Sun Sentinel Palm Beach Edition
Antitrust inquiry targets Google
Facebook also faces scrutiny in another investigative action
WASHINGTON — Forty-eight states, led by Texas, and the District of Columbia and Puerto Rico announced an investigation into Google’s “potential monopolistic behavior.”
The Monday announcement closely followed one from a separate group of states Friday that disclosed an investigation into Facebook’s market dominance.
The two probes widen the antitrust scrutiny of big tech companies beyond sweeping federal and congressional investigations and enforcement action by European regulators.
Nebraska attorney general Doug Peterson, a Republican, said at a news conference held in Washington that 50 attorneys general joining together sends a “strong message to Google.”
California and Alabama are not part of the investigation.
Tara Gallegos, a spokeswoman for California Attorney General Xavier Becerra, declined to confirm or deny any state investigation and would not comment on the announcement by the other states.
Mike Lewis, a spokesman for Alabama Attorney General Steve
Marshall, also said the state’s legal team had no comment on the probe.
The news conference featured a dozen Republican attorneys general plus the Democratic attorney general of Washington, D.C.
Google’s parent company, Alphabet, has a market value of more than $820 billion and controls so many facets of the internet that it’s impossible to surf the web for long without running into at least one of its services.
Google’s dominance in online search and advertising enables it to target millions of consumers for their personal data.
Google expects the state authorities will ask the company about past similar investigations in the U.S. and internationally, senior vice president of global affairs Kent Walker wrote in a blog post Friday.
Critics often point to Google’s 2007 acquisition of online advertising company DoubleClick as pivotal to its advertising dominance.
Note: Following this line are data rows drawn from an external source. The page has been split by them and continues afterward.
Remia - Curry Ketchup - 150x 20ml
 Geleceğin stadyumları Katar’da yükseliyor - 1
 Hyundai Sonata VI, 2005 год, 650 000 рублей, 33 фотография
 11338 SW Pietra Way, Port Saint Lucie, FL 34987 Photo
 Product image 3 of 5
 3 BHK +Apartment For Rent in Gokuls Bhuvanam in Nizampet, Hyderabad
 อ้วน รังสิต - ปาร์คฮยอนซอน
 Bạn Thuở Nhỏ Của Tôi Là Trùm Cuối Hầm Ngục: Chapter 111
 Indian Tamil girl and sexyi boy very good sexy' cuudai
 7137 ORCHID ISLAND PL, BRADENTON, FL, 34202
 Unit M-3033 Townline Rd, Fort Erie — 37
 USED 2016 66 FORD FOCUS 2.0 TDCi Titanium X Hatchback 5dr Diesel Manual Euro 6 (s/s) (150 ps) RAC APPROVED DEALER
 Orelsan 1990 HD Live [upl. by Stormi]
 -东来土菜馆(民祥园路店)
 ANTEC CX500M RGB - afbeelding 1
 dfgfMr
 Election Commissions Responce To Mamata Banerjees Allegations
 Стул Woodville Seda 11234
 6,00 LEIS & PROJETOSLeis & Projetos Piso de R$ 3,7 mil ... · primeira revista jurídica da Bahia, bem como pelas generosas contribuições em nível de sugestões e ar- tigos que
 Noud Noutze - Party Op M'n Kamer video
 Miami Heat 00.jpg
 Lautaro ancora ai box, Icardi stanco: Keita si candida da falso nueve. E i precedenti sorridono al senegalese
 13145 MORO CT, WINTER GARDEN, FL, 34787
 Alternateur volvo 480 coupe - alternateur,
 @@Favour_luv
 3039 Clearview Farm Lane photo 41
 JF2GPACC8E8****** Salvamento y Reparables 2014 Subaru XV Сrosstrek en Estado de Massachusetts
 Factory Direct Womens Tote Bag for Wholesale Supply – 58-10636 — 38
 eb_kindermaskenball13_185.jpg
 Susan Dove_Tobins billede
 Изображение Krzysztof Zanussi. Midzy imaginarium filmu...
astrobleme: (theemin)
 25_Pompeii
Europe’ s anti trust regulators slapped Google with a $1.7 billion fine in March for unfairly inserting exclusivity clauses into contracts with advertisers, disadvantaging rivals in the online ad business.
One outcome antitrust regulators might explore is forcing Google to spin off search as a separate company, experts say.
Regulators also could focus on areas such as Google’s popular video site
YouTube, an acquisition Google scored in 2006.
Joining Texas Attorney General Ken Paxton, a Republican, in the investigation are the attorneys general of almost all U.S. states and the District of Columbia.
Google has long argued that although its businesses are large, they are useful and beneficial to consumers.
“Google is one of America’s top spenders on research and development, making investments that spur innovation,” Walker wrote. “Things that were science fiction a few years ago are now free for everyone — translating any language instantaneously, learning about objects by pointing your phone, getting an answer to pretty much any question you might have.”
But federal and state regulators and policymakers are growing more concerned not just with the company’s impact on ordinary internet users, but also on smaller companies striving to compete in Google’s markets.
Experts believe the investigation could focus on at least one of three areas that have caught regulators’ eyes.
A good first place to look might be online advertising. Google will control 31.1% of global digital ad dollars in 2019, according to eMarketer estimates, crushing a distant second-place Facebook.
“There’s definitely concern on the part of the advertisers themselves that Google wields way too much power in setting rates and favoring their own services over others,” King said.